Bobby Grich, California Angels infielder
October 20, 1986
Posted: Tue May 12, 1998
His
smile
as he high-fived third baseman Doug DeCinces said it all:
Veteran second baseman Bobby Grich was finally headed to
his first World Series. Or so it seemed, after his two-run,
sixth-inning homer put the California Angels ahead of the
Boston Red Sox 3-2
in
Game 5 of the 1986 American League Championship Series. But
three days later, the Angels had blown that game and their
3-1 series lead. A shaken and teary Grich announced his
retirement in the locker room after California's 8-1 loss
in
Game 7. "That series was an emotional roller coaster for
everyone involved," he says. "I thought we had
it."
For 17 seasons the
6'2", 190-pound Grich blended power and grace
as
one of baseball's best second
basemen. He won four straight Gold Gloves (1973 to
'76) as a Baltimore Oriole before signing a five-year,
$1.5 million deal
with California in
November 1976 as one of the 25 players
in baseball's first
class of free agents. In the strike-shortened '81 season, Grich
belted 22 of his 224 career home runs, becoming the first
second baseman in 80 years to lead the league in homers.

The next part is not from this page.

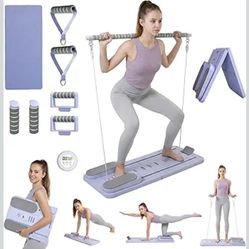 Pilates Board Set - Pilates Reformer, Multi-Foldable Pilates Reformer Set, Portable Pilates Reformer, Trainer Machine for Home Workout with Timer, Ab,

Four years later he committed just two errors in 606 total
chances to set the then major league record for fielding
percentage (.997) at his
position.
In retirement Grich, 49, has whittled his golf handicap
down to plus-one while serving as assistant general manager
of the Mission Viejo (Calif.) Vigilantes of the
independent,
Double A-equivalent Western Baseball League. The first inductee
into the Angels Hall of Fame a decade ago, he lost touch
with the team after Disney took it over in May
1996. On April 1, however, Grich and three other former
California stars threw out the ceremonial first pitches at
Edison International Field, the stadium formerly known as
the Big A. As his familywife Zetta, stepson Brandon, 9,
and daughter Brianna,
3watched, Grich also put his handprint in a concrete walk
outside the park. Returning to the site of many of his
greatest triumphs reminded him of his most heart-wrenching
defeat, in '86.
"I had been thinking about retiring for a
while," Grich says, "but
when we lost,
I'd had enough.
I was just ready to try something
else."
by Paul
Gutierrez
photographs by Jason M. Grow/SABA; Jerry Wachter (cover)
Issue date: May 18, 1998
Past Editions of Catching Up With...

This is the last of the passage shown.